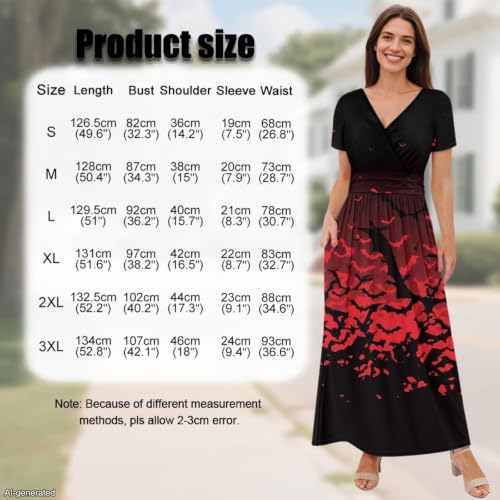 Image of Women's Fall Summer Short Sleeve Ankle Length V-Neck Party Dress with Pockets Size S-3XL
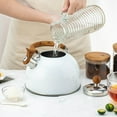 thumbnail image 4 of serony Bouilloire 2.5L en Acier Inoxydable Blanc pour Extérieur avec Sifflet, Antirouille, 4 of 9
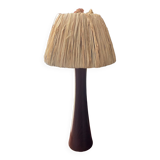 Vintage teak and raffia lamp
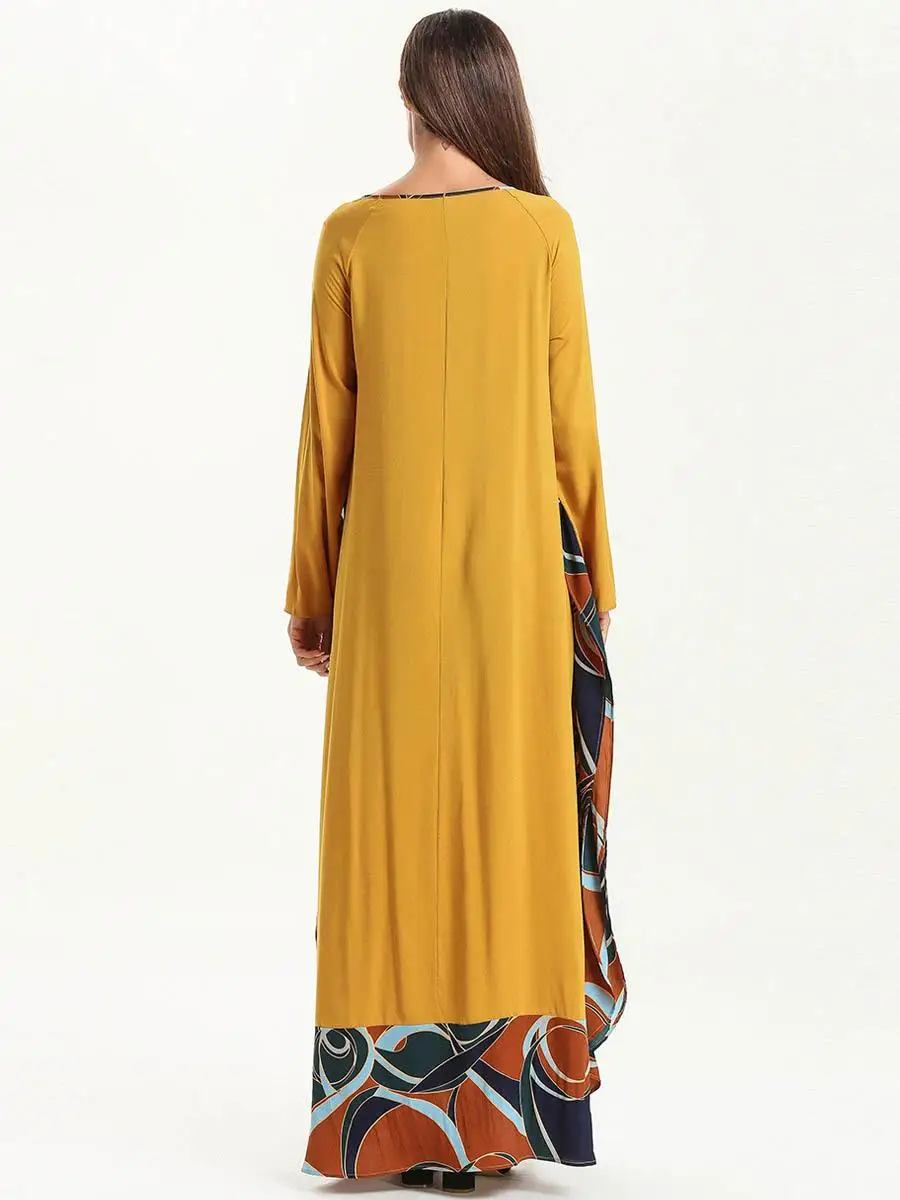 Рамадан абайя женское платье большого размера макси с рюшами Дубай Кафтан мусульманский джилбаб халаты исламский Свободный Повседневный халат пэчворк o-образный вырез Новинка
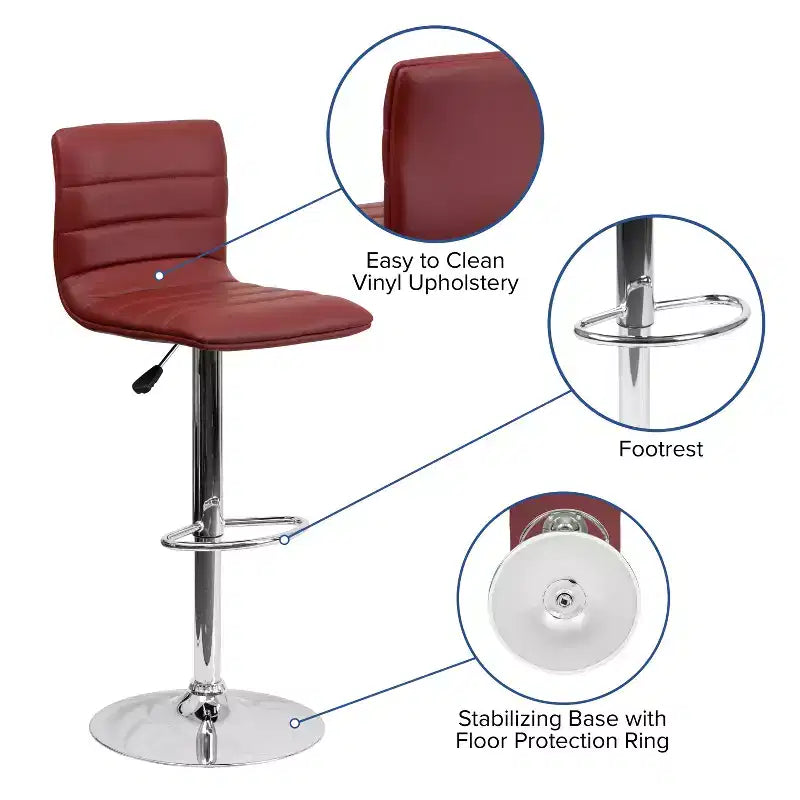 Tabouret de bar moderne en vinyle à hauteur réglable avec dossier à surpiqûres horizontales,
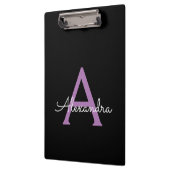 紫の黒のスクリプトガーリーモノグラム名 クリップボード (左)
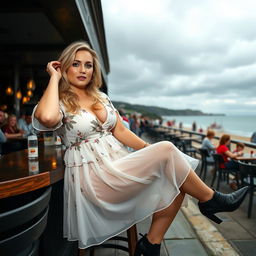 A 40-year-old curvy blonde woman posing seductively while seated in a lively beach bar in St Ives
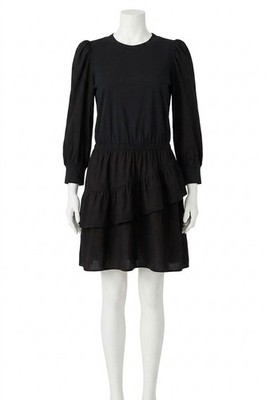 Nation Ltd Tenley Ruffled Combo Mini Dress Jet Black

- [Goal of the exercise]
Please repeat exactly the lines from the one containing "thumbnail image 4" through the last line of the records, both included, and leave out the pictures.

- [Response to the exercise]
 thumbnail image 4 of serony Bouilloire 2.5L en Acier Inoxydable Blanc pour Extérieur avec Sifflet, Antirouille, 4 of 9
 Vintage teak and raffia lamp
 Рамадан абайя женское платье большого размера макси с рюшами Дубай Кафтан мусульманский джилбаб халаты исламский Свободный Повседневный халат пэчворк o-образный вырез Новинка
 Tabouret de bar moderne en vinyle à hauteur réglable avec dossier à surpiqûres horizontales,
 紫の黒のスクリプトガーリーモノグラム名 クリップボード (左)
 A 40-year-old curvy blonde woman posing seductively while seated in a lively beach bar in St Ives
 Nation Ltd Tenley Ruffled Combo Mini Dress Jet Black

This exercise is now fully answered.